This is an old revision of the document!




Empirical Risk Minimization


Generalization is a measure that is based on predictive accuracy against non-training data.


How can we condition a network to accurately perform predictions on information it has previously never encountered?


This section provides alternative descriptions of the pattern in the form of an illustration or alternative formal expression. By looking at the sketch a reader may quickly understand the essence of the pattern.


Generalization is an interesting term in deep learning. We all talk about it, however we don't have a precise definition.

We can define it as the behavior of our system in response to validation data. That is against data that we have not included as part of the training set. We be a bit more ambitious and define it as behavior when the system is deployed to analyze real world data. We essentially would like to see our trained system perform accurately in the context of data it has never seen. This is one definition.

Another generalization revolves around the idea of minimizing risk. When we train our system, there is an uncertainty in the context in which it will be deployed. So we train our models with mechanisms to anticipate unpredictable situations. The hope is that the system is robust to contexts that have not been previously predicted. This is kind of a game theoretic definition. We can envision an environment where information will always remain imperfect and generalization effectively means executing a particular strategy within the environment. This may be the most abstract definition of generalization that we have.
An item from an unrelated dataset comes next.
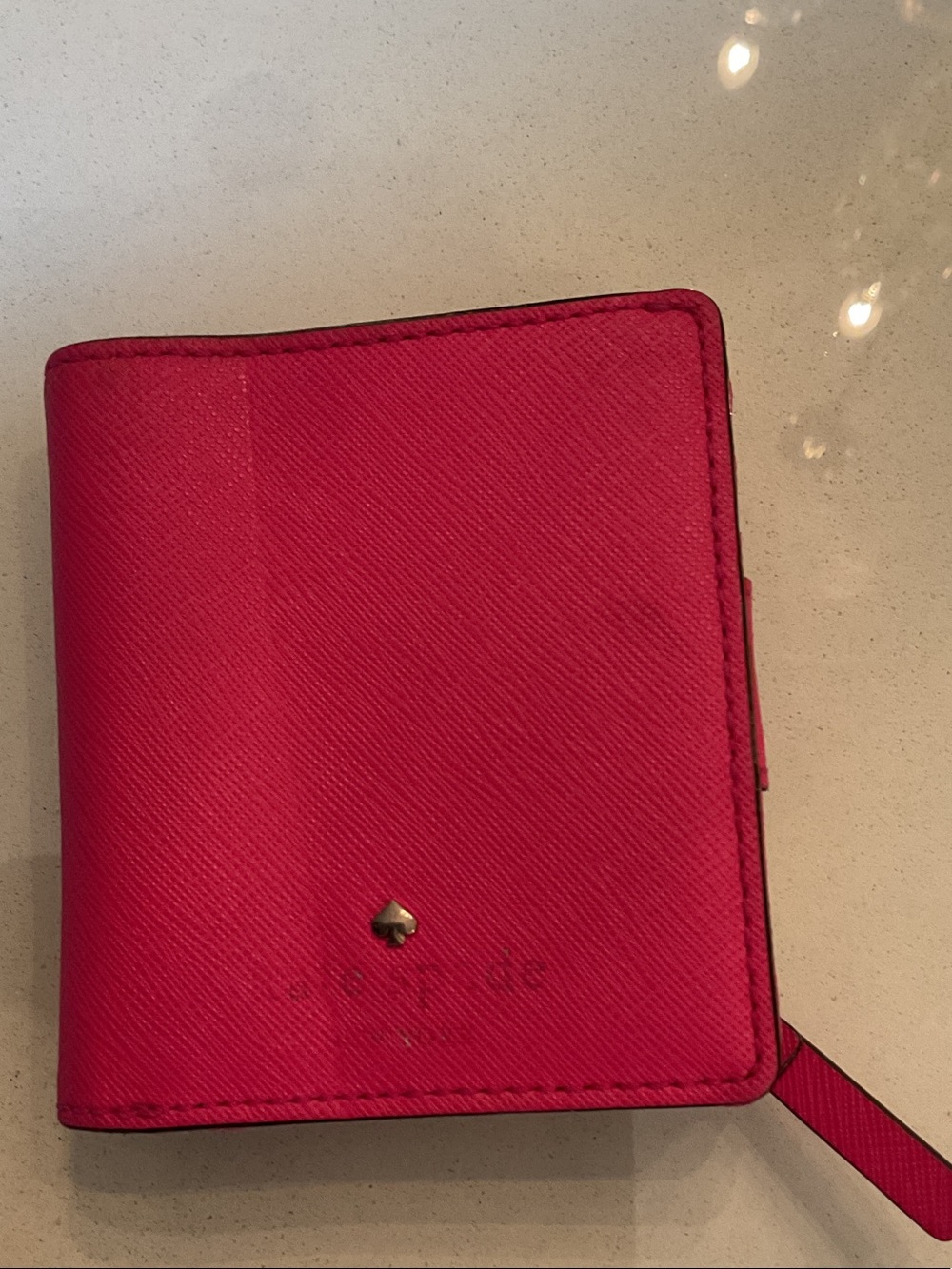 kate spade hot pink bifold wallet with wrist strap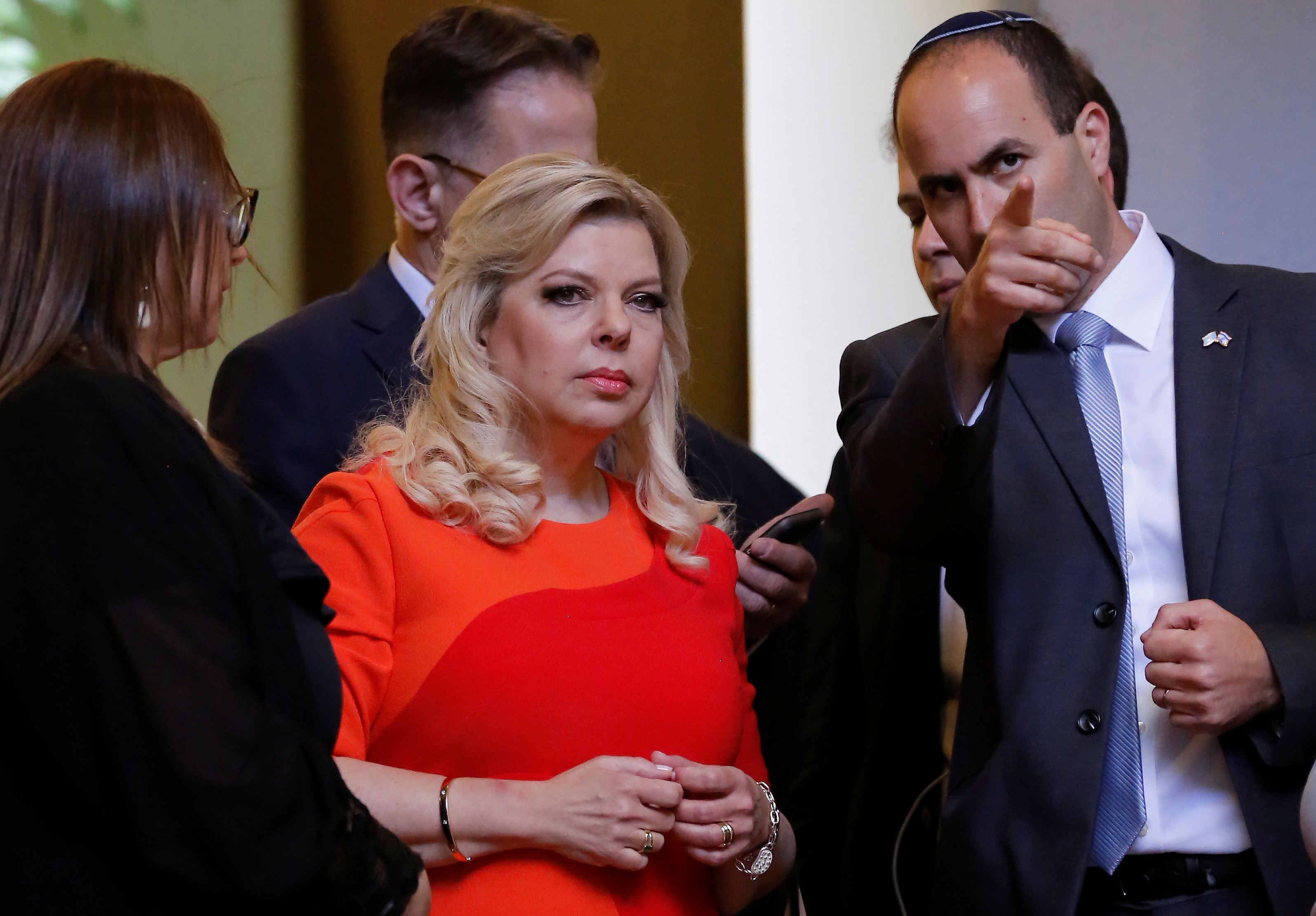 Sara Netanyahu, wife of Israeli Prime Minister Benjamin Netanyahu, listens to a member of her security staff after arriving to the National Palace in Guatemala City, Guatemala December 11, 2018. REUTERS/Luis Echeverria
A third definition is based on the idea of Occam's Razor. That is, the most simplest of explanations is like the best explanation. Here we make certain assumptions of the form of the data and we drive our regularization to constrain the solution toward our assumptions. So for example in the field of compressive sensing, we assume that a sparse basis exists. From there we can drive an optimization problem that searches solutions that have a sparse basis.

A fourth definition is based on the systems ability to recreate or reconstruct the features. This is the approach taken by generative models. If a neural network is able to accurately generate realistic images, then it able to capture the concept of images in its entirety.

A fifth definition involves the notion of ignoring invariant features or nuisance variables. That is, a system is able to generalize well if it able to ignore invariant features for its tasks. Remove away as much features as possible until you can't remove anymore. This is somewhat similar to the third definition however it tackles the problem from another perspective.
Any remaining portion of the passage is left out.